What The CSA Advisory Requires
The CSA’s April 15, 2026 advisory, designated AD-2026-004, outlined a series of measures organisations are expected to benchmark against. These include ensuring all critical and high-severity vulnerabilities on internet-facing systems have been remediated, enabling multi-factor authentication on all administrative interfaces, establishing network segmentation to limit lateral movement, integrating automated AI-assisted tools for continuous scanning, and embedding security testing throughout procurement and development processes.
The advisory noted that frontier AI models have demonstrated capabilities including software analysis, vulnerability discovery, and security reasoning at a level approaching or complementing cybersecurity practitioners. While the CSA stated there were no current signs of misuse at the time of the advisory, it framed the guidance as preparation for a threat environment that is expected to materialize.
Tan told Parliament that the issue goes beyond any single AI model. He cited OpenAI’s GPT-5.5 as showing comparable cybersecurity capabilities, and pointed to rapidly improving open-source AI models likely to reach similar proficiency within months. He also referenced a new class of malware designated PROMPTFLUX, described as capable of consulting a live AI model during attacks and rewriting its own code in real time to evade detection.
Bank Responses
DBS Group CEO Tan Su Shan publicly acknowledged the risk, stating that frontier AI models amplify the threat by enabling attackers to find weaknesses faster while also enabling banks to defend faster. She described AI overall as “a net positive” for DBS, citing gains in coding and operations. OCBC stated through its head of group operations and technology, Praveen Raina, that all AI-related solutions undergo “rigorous assessment and validation before deployment.” UOB said AI use at the bank is governed by “existing cybersecurity controls and clear internal guardrails” and that it takes “a disciplined and responsible approach to innovation.”
Standard Chartered’s global CEO Bill Winters, speaking separately, described frontier AI capability as a “sensational representation” of a broader trend of rising cyber risks, while indicating the bank is well prepared.

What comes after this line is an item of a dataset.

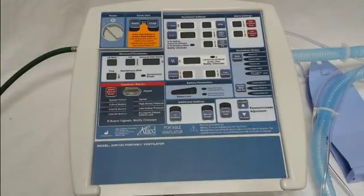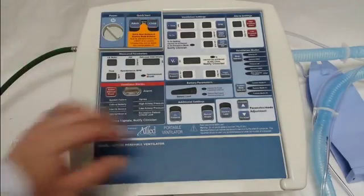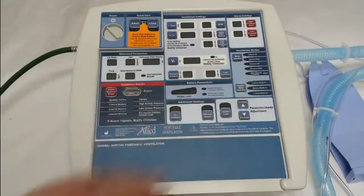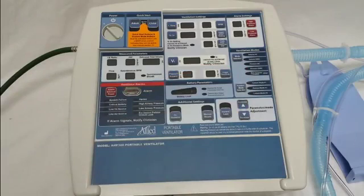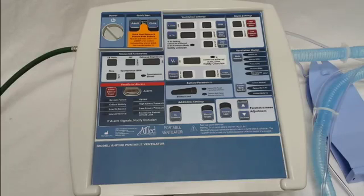This video will cover the initial programming of the adult and child quick start modes, as well as the initial programming of the custom modes on the AHP300 and the AHP300P transport ventilators from Allied Health Care Products.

The Association of Banks in Singapore confirmed on April 27 that it was coordinating with member banks to monitor emerging threats, share intelligence, and align risk-mitigation approaches. ABS Director Ong-Ang Ai Boon said local banks had enhanced monitoring and incident response capabilities.
Regulatory Trajectory
Baker McKenzie’s analysis of the CSA’s broader regulatory direction notes that the May 5 parliamentary directive must be read alongside a March 2026 announcement by the CSA that it is reviewing the scope of cybersecurity standards and obligations to potentially include non-critical information infrastructure systems interconnected with CII networks. That review also encompasses enhanced regulations for telecommunications operators, a migration to post-quantum cryptography, and the planned extension of Cyber Trust Mark certification requirements to new categories of entities.
The CSA stated it would selectively share classified threat intelligence with critical information infrastructure owners and equip them with proprietary threat detection systems to complement commercial tools already in use.